The ModelReady API indicates if a specific model is ready for inferencing.

rpc inference.GRPCInferenceService/ModelReady(ModelReadyRequest) returns ModelReadyResponse


The ServerMetadata API provides information about the server. Errors are indicated by the google.rpc.Status returned for the request. The OK code indicates success and other codes indicate failure.

rpc inference.GRPCInferenceService/ServerMetadata(ServerMetadataRequest) returns ServerMetadataResponse


The per-model metadata API provides information about a model. Errors are indicated by the google.rpc.Status returned for the request. The OK code indicates success and other codes indicate failure.

rpc inference.GRPCInferenceService/ModelMetadata(ModelMetadataRequest) returns ModelMetadataResponse


The ModelInfer API performs inference using the specified model. Errors are indicated by the google.rpc.Status returned for the request. The OK code indicates success and other codes indicate failure.

rpc inference.GRPCInferenceService/ModelInfer(ModelInferRequest) returns ModelInferResponse



An inference parameter value. The Parameters message describes a “name”/”value” pair, where the “name” is the name of the parameter and the “value” is a boolean, integer, or string corresponding to the parameter.

Field Type Description
oneof parameter_choice.bool_param bool A boolean parameter value.
oneof parameter_choice.int64_param int64 An int64 parameter value.
oneof parameter_choice.string_param string A string parameter value.

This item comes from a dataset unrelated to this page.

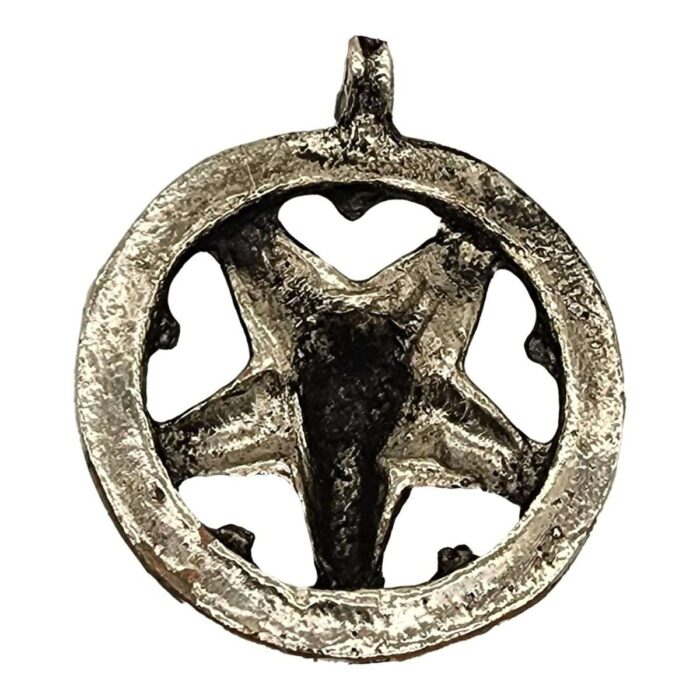 Dije Baphomet Acero Inoxidable Cromado Dominio Exito Poder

The data contained in a tensor represented by the repeated type that matches the tensor's data type. Protobuf oneof is not used because oneofs cannot contain repeated fields.

Field Type Description
bool_contents repeated bool Representation for BOOL data type. The size must match what is expected by the tensor's shape. The contents must be the flattened, one-dimensional, row-major order of the tensor elements.
int_contents repeated int32 Representation for INT8, INT16, and INT32 data types. The size must match what is expected by the tensor's shape. The contents must be the flattened, one-dimensional, row-major order of the tensor elements.
int64_contents repeated int64 Representation for INT64 data types. The size must match what is expected by the tensor's shape. The contents must be the flattened, one-dimensional, row-major order of the tensor elements.
uint_contents repeated uint32 Representation for UINT8, UINT16, and UINT32 data types. The size must match what is expected by the tensor's shape. The contents must be the flattened, one-dimensional, row-major order of the tensor elements.
uint64_contents repeated uint64 Representation for UINT64 data types. The size must match what is expected by the tensor's shape. The contents must be the flattened, one-dimensional, row-major order of the tensor elements.
fp32_contents repeated float Representation for FP32 data type. The size must match what is expected by the tensor's shape. The contents must be the flattened, one-dimensional, row-major order of the tensor elements.
fp64_contents repeated double Representation for FP64 data type. The size must match what is expected by the tensor's shape. The contents must be the flattened, one-dimensional, row-major order of the tensor elements.
bytes_contents repeated bytes Representation for BYTES data type. The size must match what is expected by the tensor's shape. The contents must be the flattened, one-dimensional, row-major order of the tensor elements.


Field Type Description
model_name string The name of the model to use for inferencing.
model_version string The version of the model to use for inference. If not given the server will choose a version based on the model and internal policy.
id string Optional identifier for the request. If specified will be returned in the response.
parameters map ModelInferRequest.ParametersEntry Optional inference parameters.
inputs repeated ModelInferRequest.InferInputTensor The input tensors for the inference.
outputs repeated ModelInferRequest.InferRequestedOutputTensor The requested output tensors for the inference. Optional, if not specified all outputs produced by the model will be returned.
raw_input_contents repeated bytes The data contained in an input tensor can be represented in "raw" bytes form or in the repeated type that matches the tensor's data type. To use the raw representation 'raw_input_contents' must be initialized with data for each tensor in the same order as 'inputs'. For each tensor, the size of this content must match what is expected by the tensor's shape and data type. The raw data must be the flattened, one-dimensional, row-major order of the tensor elements without any stride or padding between the elements. Note that the FP16 and BF16 data types must be represented as raw content as there is no specific data type for a 16-bit float type.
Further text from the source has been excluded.